Rising 715m above the surrounding alluvial plain, Mount Augustus is an inselberg, meaning ‘island mountain’. There are rocky creeks, gorges and open plains supporting a variety of vegetation and wildlife.


  • Park Entry Fees:No
  • Activity:Bush Walking


Mount Augustus is known as Burringurrah to the local Wajarri Aboriginal people. The park was gazetted on 22 September 1989 and is made up of former parts of Mount Augustus and Cobra Stations.

During 1999-2000, the State purchased nearby pastoral leases Cobra and Waldburg and part leases of Mount Philip and Dalgety Downs with the aim of managing the whole area – including the national park – for conservation. The total area is now 607,603 hectares.

Take the 49km Loop Drive around the sandstone inselberg. Access rocky creeks and gorges, open plains, view Aboriginal rock engravings (petroglyphs) and encounter a variety of wildlife.

Abundant wildlife

The majority of Mount Augustus is vegetated. Arid shrubland dominated by wattles, cassias and eremophilas cover the inselberg and the surrounding plain. Take the time to sit quietly in the early morning or late afternoon and you will be rewarded with the site of shy-but-inquisitive wildlife. Marvel at the factors which have shaped the surrounding wildlife – infertile soils and greater climate variability than many other parts of Australia.

Groves of white-barked river gums indicate water seepage from the inselberg - so precious to the local ecology. Mulga, gidgee and other wattles are dispersed across the plain, along with spinifex pigeons, crimson chats, mulga parrots and babblers – all foraging for food resources. Nearby, emus seek out fruits, and bustards (or wild turkey) sneak up on insects and small reptiles on the ground. Bungarras (goannas) and red kangaroos are common on the plain, while euros and birds of prey are found closer to the mount.

At Cattle Pool on the Lyons River, a tributary of the Gascoyne, permanent pools attract waterbirds such as black cormorants, ibis, heron, and a variety of ducks. In the trees are blue-winged kookaburras, sacred kingfishers and corellas.

Your safety

It’s great to escape everyday life and visit a park or reserve in WA. It is also important to us that you return safely to your family and friends.

It is really important to plan when to visit. For your safety we have provided safety information about bushwalking and paddling or kayaking. Consider traveling with a personal location beacon (PLB). In the event you need to be rescued it could save your life!

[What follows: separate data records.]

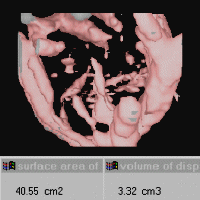 3D measurement of a tumour vascularity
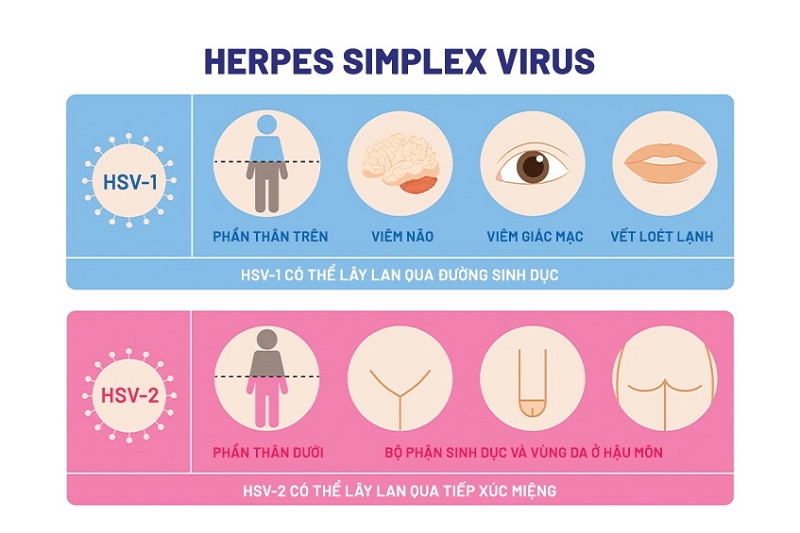 2 chủng HSV gây nên bệnh herpes sinh dục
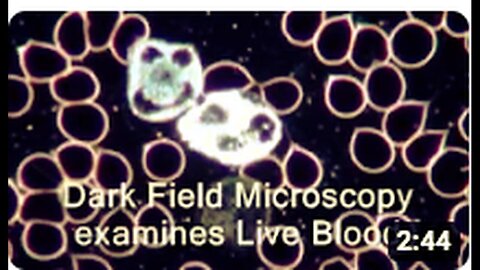 "Exploring Live Blood Analysis and Dark Field Microscopy - Part 2"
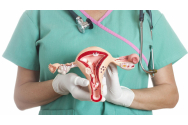  Campanie de testare a cancerului de col uterin, la Bârlad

The risks from exposure and dehydration are significant in this area. During the hotter months (at least September – March) these risks are extreme. Temperatures often exceed 40°C.

  • Walk in groups of three or more – in an emergency one might need to wait with the injured person while someone goes for help.
  • Tell a trusted and responsible person of your plans and provide sufficient detail to them so they can get help if required.
  • Each person needs to carry and drink 3 to 4 litres of water per day of walking.
  • It is recommended you carry a personal locator beacon (PLB) or satellite phone.
  • Carefully review your daily drinking water needs. Carry cool water if possible.
  • There is no drinking water in the park. Extra water may be needed if walking in the hotter months.
  • Plan your walk for the most suitable season and/or daily weather conditions.
  • Wear a broad brimmed hat, sunscreen and a loose long sleeved shirt for protection from the sun.
  • Take regular breaks when walking.
  • Wear sturdy footwear and follow the trail markers.
  • Walk during the cooler parts of the day – there will also be more wildlife about during this time.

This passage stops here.